Use Case 1: Move data between nodes
Scenario 1.1
- A data node publishes a new dataset to its gateway
- Another node needs to get some subset of the data
- Example: PCMDI node needs to get 10% a published dataset from NCAR node (in order to generate or augment core dataset)
- Target node (PCMDI) pulls data (can be initiated by a person or a service)
- A requestID is returned, and transfer start asynchronoeously (background job)
- Target administrator can check status of request using requestID
- Size: increments are typically 10-20 TBs.
- Note - a subsequent step by replica service is: PCMDI node get the corresponding metadata, publishes that to its gateway, and links the metadata to the physical files
Scenario 1.2
- Data needs to be mirrored from source node to a target node
- Example: BADC node (Germany) needs to mirror all or part of core data from PCMDI node
- Mirroring (target) node is notified, and initiates bulk transfer "manually" - i.e. invokes a local client to pull data
- A requestID is returned, and transfer start asynchronoeously (background job)

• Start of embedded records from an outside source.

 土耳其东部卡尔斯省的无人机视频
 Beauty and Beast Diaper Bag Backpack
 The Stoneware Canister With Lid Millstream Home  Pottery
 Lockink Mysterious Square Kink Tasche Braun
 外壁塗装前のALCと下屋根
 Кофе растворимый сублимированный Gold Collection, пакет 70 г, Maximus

- Target administrator can check status of request using requestID
- Note: the above step may be automated at a later stage
- Size: 10-500 TBs depending on what target node requests
- Note - a subsequent step by target node administrator or some service:
- Target node get the corresponding metadata, publishes that to its gateway, and links the metadata to the physical files
Scenario 1.3
- A data node wishes to collect data from multiple source nodes in order to generate summary or visualization products
- The target node initiates the data transfer by pulling data from the source nodes
- A requestID is returned, and transfer start asynchronoeously (background job)
- Target administrator can check status of request using requestID
- Size: probably a few TBs - depending on purpose
- Issue: should client at target be able to issue a single request to all source nodes
- In principle - it is desirable and a natural extension of the bulk transfer client, but initially we assume this will be done from each source node at time, or by invoking the data movement client multiple times
Use Case 2: Move data from a node to a client (user) site
Scenario 2.1
- A user contacts a gateway, and uses metadata to identify data he/she wishes to get
- Note: case not considered here - if volume of data requested is small (a few files), the user can pull these file directly (using wget, https, ...). Gateway may have to pull files into its cache first.

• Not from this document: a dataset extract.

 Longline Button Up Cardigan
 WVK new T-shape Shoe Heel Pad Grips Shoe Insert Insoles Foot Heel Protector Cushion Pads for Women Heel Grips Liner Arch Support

- Assume data volume is large - many GBs - few TBs
- Gateway returns a requestID to user
- User can check status of request using requestID
- User can start "request client" right away
- Gateway gets files into user's allocated space
- User's request client pull data
- Note: gateway may need to get files from remote locations/archives to user's allocated space
Scenario 2.2
- A user contacts a gateway, and uses metadata to identify data he/she wishes to get
- Note: case not considered here - if volume of data requested is small (a few files), the user can pull these file directly (using wget, https, ...). Gateway may have to pull files into its cache first.
- Assume data volume is large - many GBs - few TBs
- Gateway returns a requestID to user
- User can start "request client" right away
- User can check status of request using requestID
- Request client pulls files directly from source nodes
- Suggestion: consider that a task for a later stage